TRY IT — In the data below, find the line containing "Opel Combo Life - Zdjęcie 14"; reproduce that line and all subsequent lines exactly, and nothing else.

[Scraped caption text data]
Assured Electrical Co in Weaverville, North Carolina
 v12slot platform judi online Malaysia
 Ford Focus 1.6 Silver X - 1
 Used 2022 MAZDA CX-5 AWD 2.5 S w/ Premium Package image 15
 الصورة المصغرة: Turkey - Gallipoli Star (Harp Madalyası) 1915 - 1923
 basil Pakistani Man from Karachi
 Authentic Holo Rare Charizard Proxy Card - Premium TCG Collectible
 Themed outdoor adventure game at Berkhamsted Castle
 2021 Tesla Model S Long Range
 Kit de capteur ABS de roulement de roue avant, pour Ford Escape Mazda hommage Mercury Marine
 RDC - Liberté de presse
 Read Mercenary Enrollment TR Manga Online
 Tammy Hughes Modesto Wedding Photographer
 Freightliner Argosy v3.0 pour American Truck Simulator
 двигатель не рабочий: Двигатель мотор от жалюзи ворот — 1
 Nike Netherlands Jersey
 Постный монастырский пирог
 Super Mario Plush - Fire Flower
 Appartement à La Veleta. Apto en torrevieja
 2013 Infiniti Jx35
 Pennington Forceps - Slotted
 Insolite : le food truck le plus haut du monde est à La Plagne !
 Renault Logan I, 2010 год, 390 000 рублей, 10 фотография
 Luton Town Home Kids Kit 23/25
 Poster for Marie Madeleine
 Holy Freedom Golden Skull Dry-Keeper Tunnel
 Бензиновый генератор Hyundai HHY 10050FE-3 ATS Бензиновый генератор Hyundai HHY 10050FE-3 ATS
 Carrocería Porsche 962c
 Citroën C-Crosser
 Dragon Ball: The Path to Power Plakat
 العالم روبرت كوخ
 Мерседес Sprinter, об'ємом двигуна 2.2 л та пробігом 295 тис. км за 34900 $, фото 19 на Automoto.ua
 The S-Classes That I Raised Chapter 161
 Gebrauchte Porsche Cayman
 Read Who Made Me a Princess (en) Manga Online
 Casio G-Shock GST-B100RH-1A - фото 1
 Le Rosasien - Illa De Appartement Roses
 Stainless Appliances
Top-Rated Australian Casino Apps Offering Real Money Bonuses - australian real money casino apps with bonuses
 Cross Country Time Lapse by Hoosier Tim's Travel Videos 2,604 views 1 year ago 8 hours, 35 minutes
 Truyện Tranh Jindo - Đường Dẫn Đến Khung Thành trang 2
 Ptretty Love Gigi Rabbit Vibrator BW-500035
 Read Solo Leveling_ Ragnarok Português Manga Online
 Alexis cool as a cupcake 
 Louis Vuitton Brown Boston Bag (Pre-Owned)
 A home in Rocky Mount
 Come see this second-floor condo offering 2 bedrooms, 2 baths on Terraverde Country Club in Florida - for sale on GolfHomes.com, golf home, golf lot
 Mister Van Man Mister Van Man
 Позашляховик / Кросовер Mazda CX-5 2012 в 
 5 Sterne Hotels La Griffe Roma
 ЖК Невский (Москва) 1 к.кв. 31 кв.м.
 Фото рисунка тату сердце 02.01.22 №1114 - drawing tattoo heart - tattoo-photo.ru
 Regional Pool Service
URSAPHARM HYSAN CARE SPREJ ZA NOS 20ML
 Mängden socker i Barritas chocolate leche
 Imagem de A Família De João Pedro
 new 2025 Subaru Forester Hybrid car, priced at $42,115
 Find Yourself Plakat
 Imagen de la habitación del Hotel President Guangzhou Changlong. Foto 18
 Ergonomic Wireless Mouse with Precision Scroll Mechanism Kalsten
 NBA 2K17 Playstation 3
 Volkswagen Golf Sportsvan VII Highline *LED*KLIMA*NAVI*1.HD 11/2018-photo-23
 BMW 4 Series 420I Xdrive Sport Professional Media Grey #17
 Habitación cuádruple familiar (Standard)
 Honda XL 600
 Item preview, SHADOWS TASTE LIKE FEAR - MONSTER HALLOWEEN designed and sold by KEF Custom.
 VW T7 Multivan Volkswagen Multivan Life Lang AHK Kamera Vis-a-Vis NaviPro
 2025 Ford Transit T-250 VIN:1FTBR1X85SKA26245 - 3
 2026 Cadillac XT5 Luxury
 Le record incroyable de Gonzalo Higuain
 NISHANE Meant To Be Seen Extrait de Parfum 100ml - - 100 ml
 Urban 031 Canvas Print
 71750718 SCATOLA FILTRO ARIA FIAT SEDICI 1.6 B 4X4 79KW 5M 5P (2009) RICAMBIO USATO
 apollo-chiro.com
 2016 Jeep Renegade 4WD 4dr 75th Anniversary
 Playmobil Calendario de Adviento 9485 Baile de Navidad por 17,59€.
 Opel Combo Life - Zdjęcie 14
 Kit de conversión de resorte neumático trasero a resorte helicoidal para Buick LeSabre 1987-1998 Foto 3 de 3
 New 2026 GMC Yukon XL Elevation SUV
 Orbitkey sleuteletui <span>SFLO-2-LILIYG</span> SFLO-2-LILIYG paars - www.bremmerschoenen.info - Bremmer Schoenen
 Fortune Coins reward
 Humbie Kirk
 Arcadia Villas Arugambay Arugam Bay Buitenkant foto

TASK OUTPUT —
 Opel Combo Life - Zdjęcie 14
 Kit de conversión de resorte neumático trasero a resorte helicoidal para Buick LeSabre 1987-1998 Foto 3 de 3
 New 2026 GMC Yukon XL Elevation SUV
 Orbitkey sleuteletui <span>SFLO-2-LILIYG</span> SFLO-2-LILIYG paars - www.bremmerschoenen.info - Bremmer Schoenen
 Fortune Coins reward
 Humbie Kirk
 Arcadia Villas Arugambay Arugam Bay Buitenkant foto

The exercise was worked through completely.